How can you architect for deployability?

My first guideline is to minimize differences between environments. The more similar the environments, the simpler and more reliable it is to deploy the software. Each difference between environments is something that may trip you up when deploying if you have failed to properly address it. Environmental differences can also affect the accuracy of testing: what worked in one environment may not work in a different one. Unfortunately, it is not possible to eliminate all differences without eliminating all environments but one. Common unavoidable differences between environments include different servers, different hardware configurations, different databases, different URLs, and different security settings. When encountering an environmental difference, I ask the question "Is there a good reason for this difference to exist?". If not, then it should be eliminated.

One example from my own experience is a system deployed to Unix servers which had a standard directory structure except for the root directory that differed across environments. In my investigation I discovered that the reason for the difference was that the test server contained two separate test environments, each of which therefore required a different root directory. I considered this a valid reason given the existing hardware at the time. When the opportunity arose, I suggested that an additional test server be added and the second test environment moved to it to allow the paths to be standardized.

To handle unavoidable environmental differences, I recommend encapsulating them within the software to isolate these differences from the rest of the system. The specific mechanism will vary depending on the technology being used and the particular difference being addressed. I discuss some of these mechanisms in my article Designing for Deployability. The goal you should aim for is to be able to deploy the software using a simple, automated process. For deploying code, this typically means an automated script that takes the output of the build process and copies it to the appropriate location (usually on another server) for the environment you are deploying to.

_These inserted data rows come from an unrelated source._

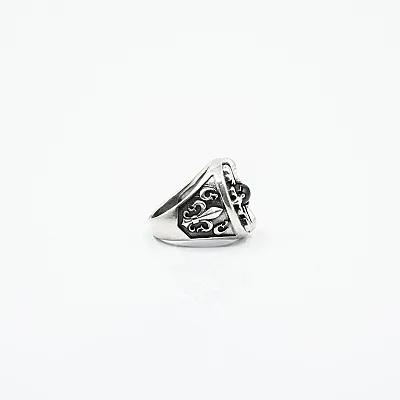 Inel gotic Fleur de Lys Argint - 3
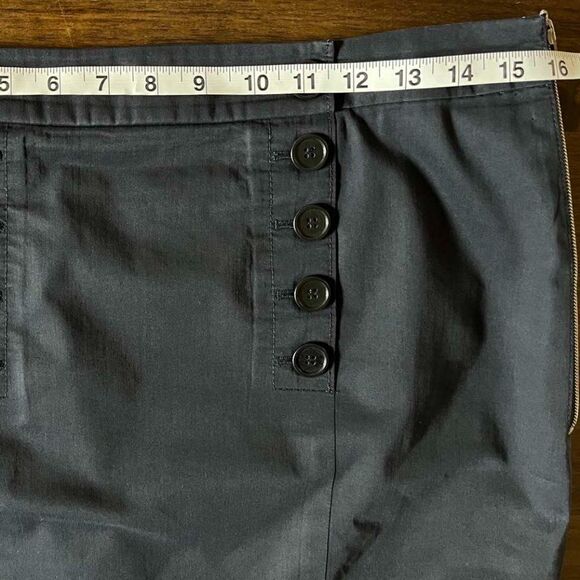 Ann Taylor Button Accent Pencil  Casual Career  Size 10 - Picture 5 of 7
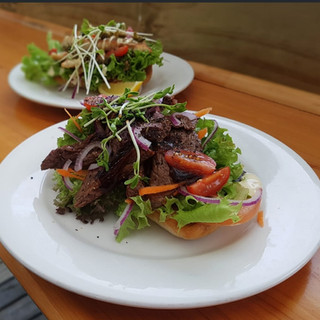 Open Steak Sandwich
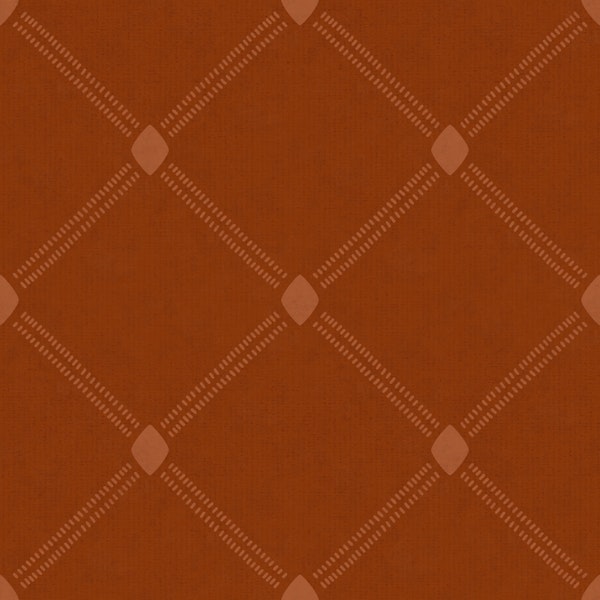 Burnt Orange Diamond Check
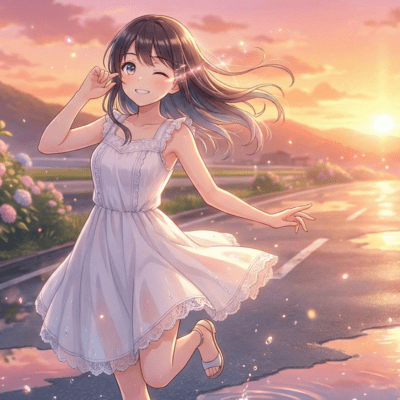 Angel Wink Front Cover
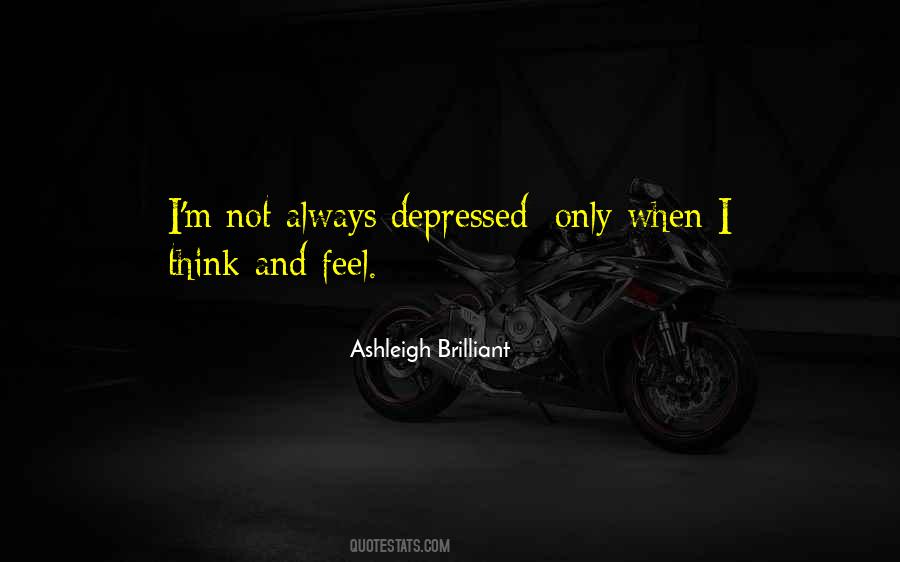 When Depressed Quotes #98274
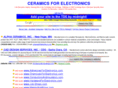 ceramicsforelectronics.com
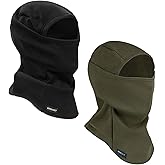 KOOLSOLY Ski Mask Balaclava Cold Weather Warm and Fleece Face Mask Neck Warmer Full Face Mask for Men&Women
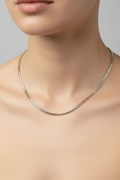 14K 18IN HERRINGBONE NECKLACE 3N-45CM LCC-28170020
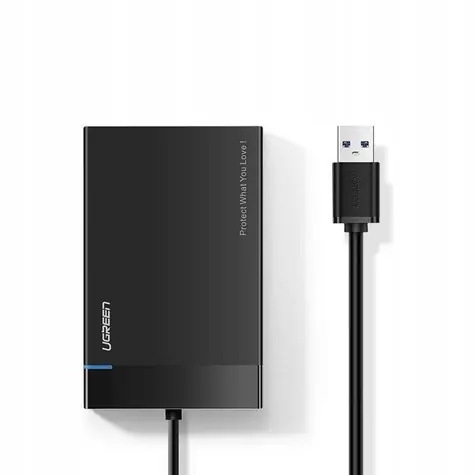 Ugreen US221 Externí skříň pro SATA 2.5" HDD černá / USB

In an earlier article on Deploying Application Changes, I distinguished between full deployments where the entire application or component is deployed as a unit, and partial deployments in which only the delta - the pieces that have changed - is promoted. As I discuss in that article, there are advantages and disadvantages to either approach. Within a single application, I prefer the full deployment approach. When multiple applications are involved, especially across multiple support or business units, I prefer to have the option of partial deployments. If separate applications are too-tightly coupled, then changes in one will require changes in the other, which then requires that both applications be deployed together. So high coupling between applications reduces the ease of deployability of each individual application. Clearly defined interfaces help minimize coupling, and if the changing application maintains backwards-compatibility of its interface, the other application will then not need to change, or can choose to change on its own time line.

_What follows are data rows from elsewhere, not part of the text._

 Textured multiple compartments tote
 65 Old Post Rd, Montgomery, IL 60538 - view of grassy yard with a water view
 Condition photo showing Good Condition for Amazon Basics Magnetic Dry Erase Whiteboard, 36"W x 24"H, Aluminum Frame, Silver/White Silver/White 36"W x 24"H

Like most non-functional requirements, deployability is often neglected or overlooked during application development. Inexperienced or rushed developers can create systems that work great in development, but have many problems in the test or production environments due to issues with deployment. The absence of a defined and preferably automated deploy process or problems in testing due to environment differences are warning signs that more attention to deployability is needed.